### Stored data

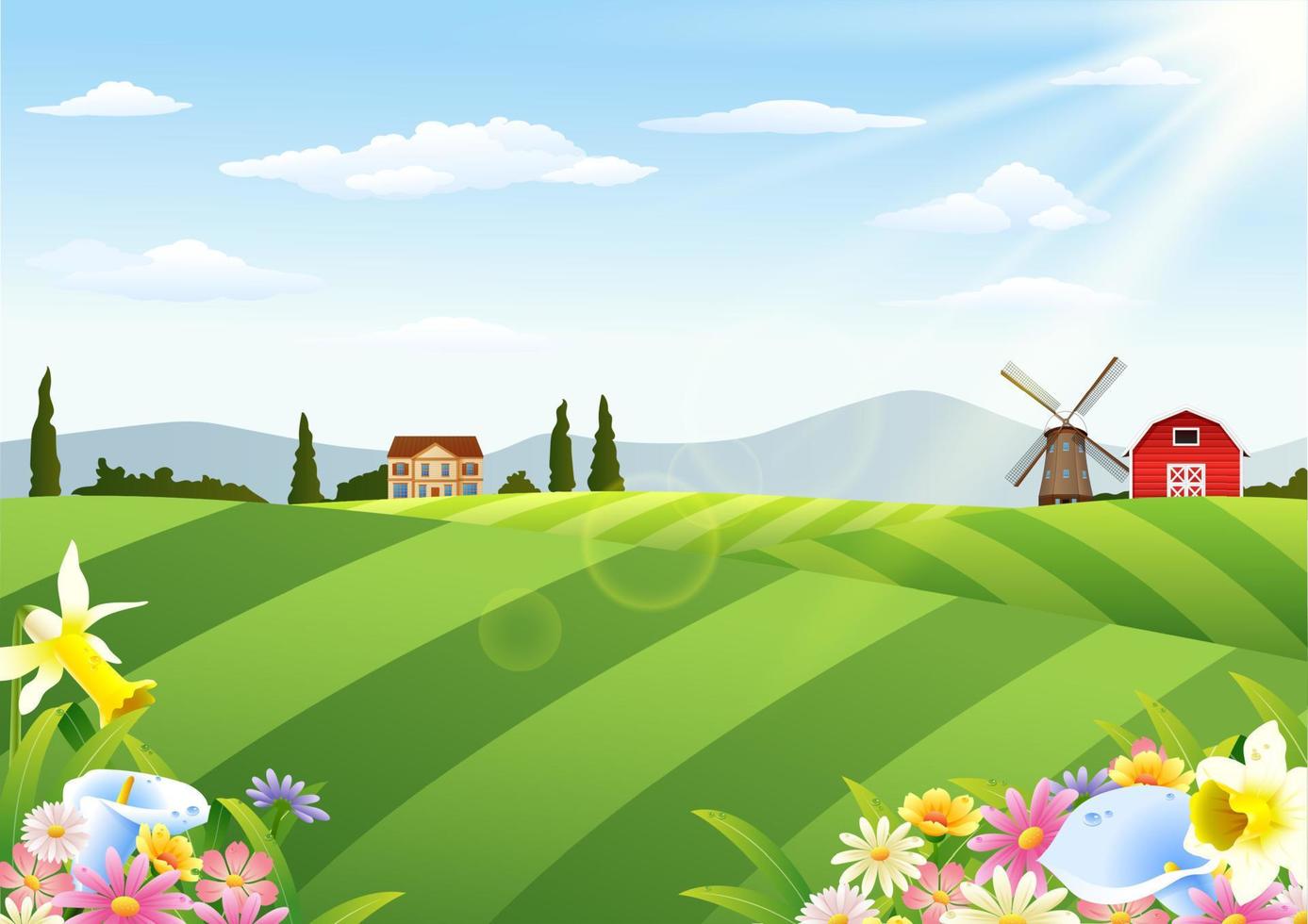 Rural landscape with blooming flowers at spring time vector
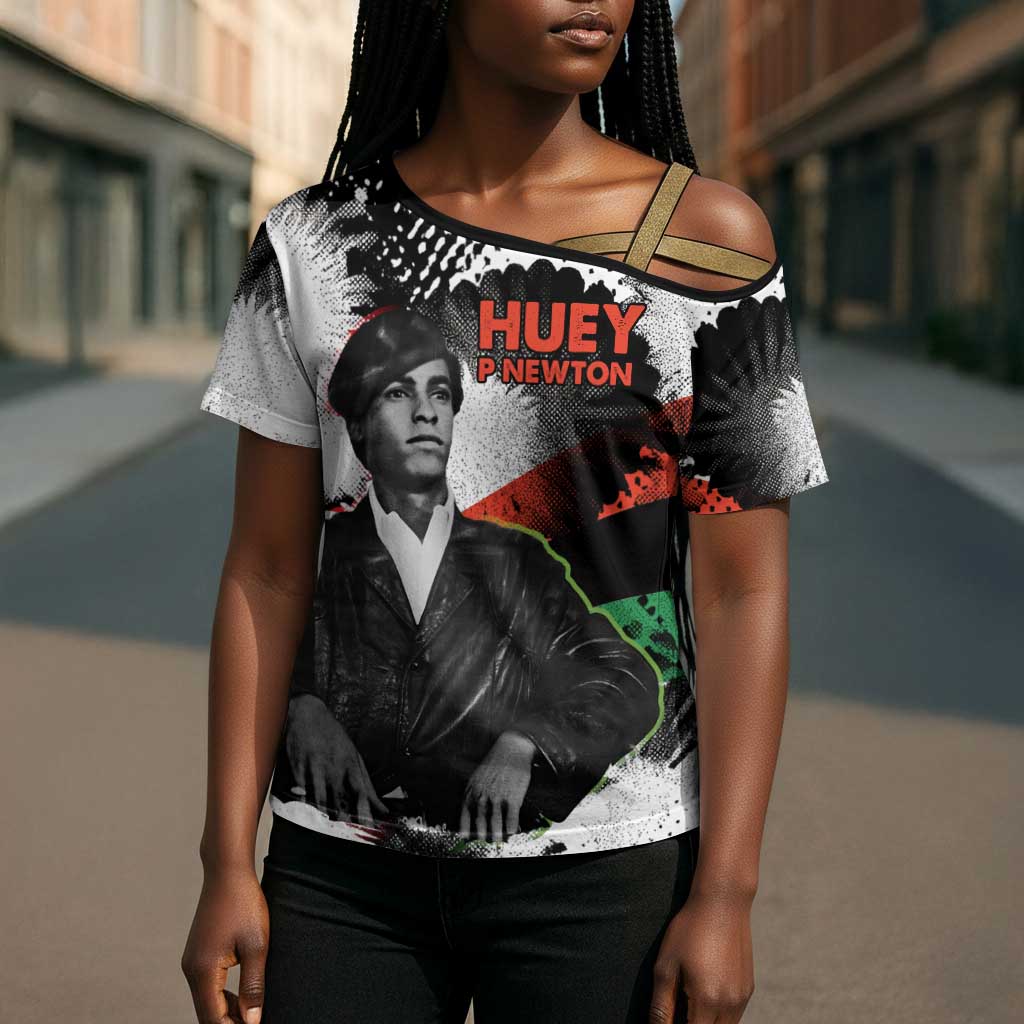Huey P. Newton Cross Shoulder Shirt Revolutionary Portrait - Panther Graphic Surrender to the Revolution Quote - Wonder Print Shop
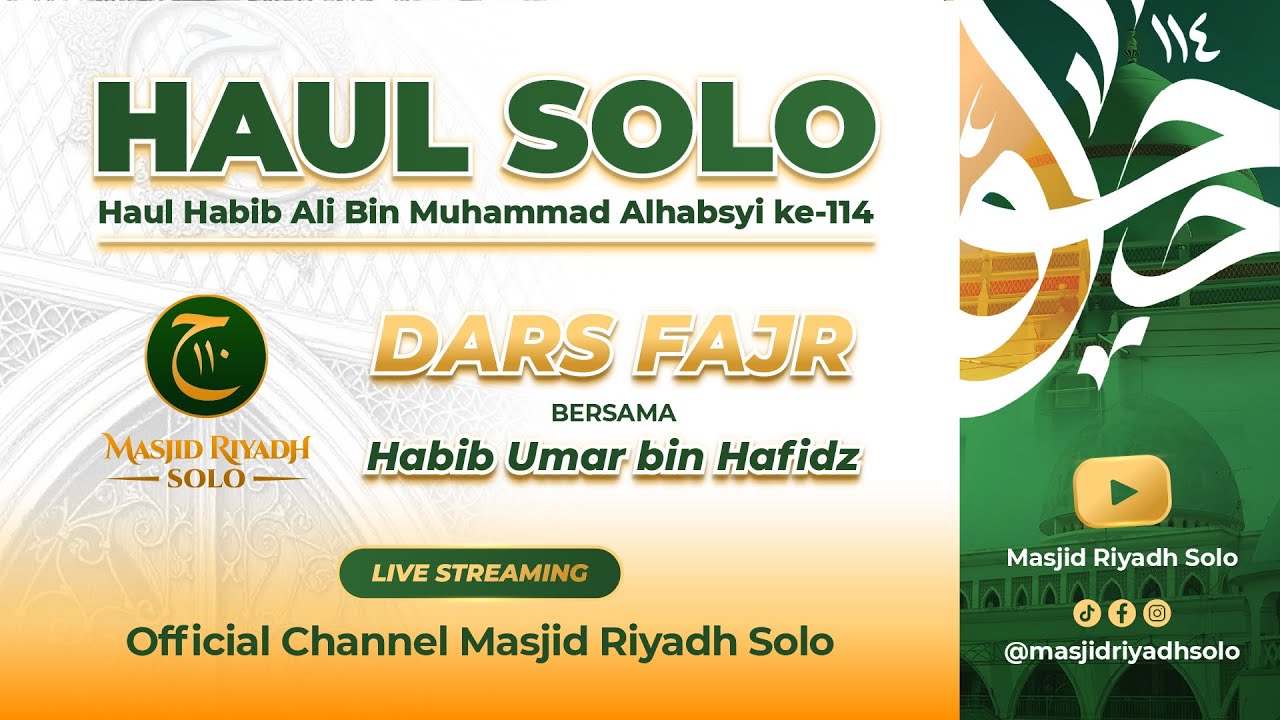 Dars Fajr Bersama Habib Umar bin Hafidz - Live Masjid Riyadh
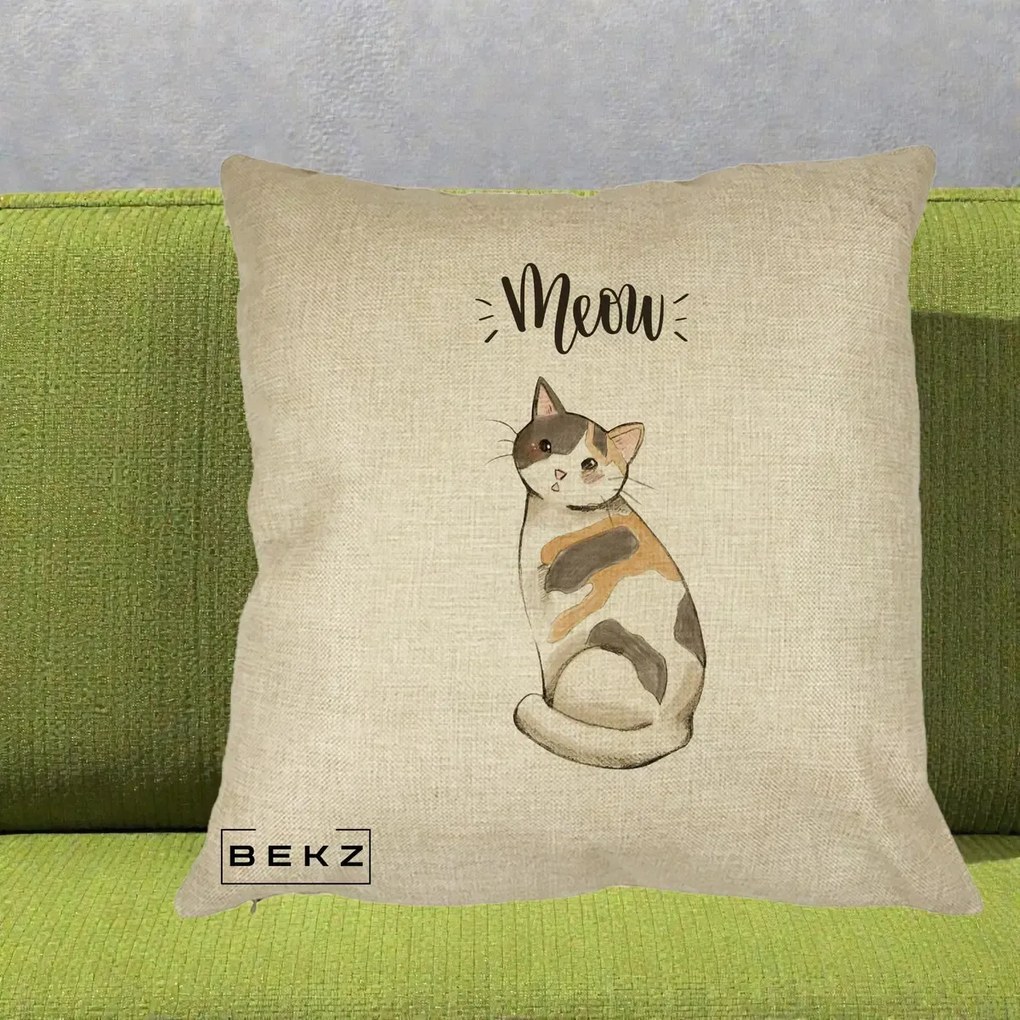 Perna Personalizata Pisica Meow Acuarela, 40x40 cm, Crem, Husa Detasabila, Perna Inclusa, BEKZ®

### Description of the task
Return the material in full and unaltered, minus its pictures.

### Your solution
 Rural landscape with blooming flowers at spring time vector
Huey P. Newton Cross Shoulder Shirt Revolutionary Portrait - Panther Graphic Surrender to the Revolution Quote - Wonder Print Shop
 Dars Fajr Bersama Habib Umar bin Hafidz - Live Masjid Riyadh
 Perna Personalizata Pisica Meow Acuarela, 40x40 cm, Crem, Husa Detasabila, Perna Inclusa, BEKZ®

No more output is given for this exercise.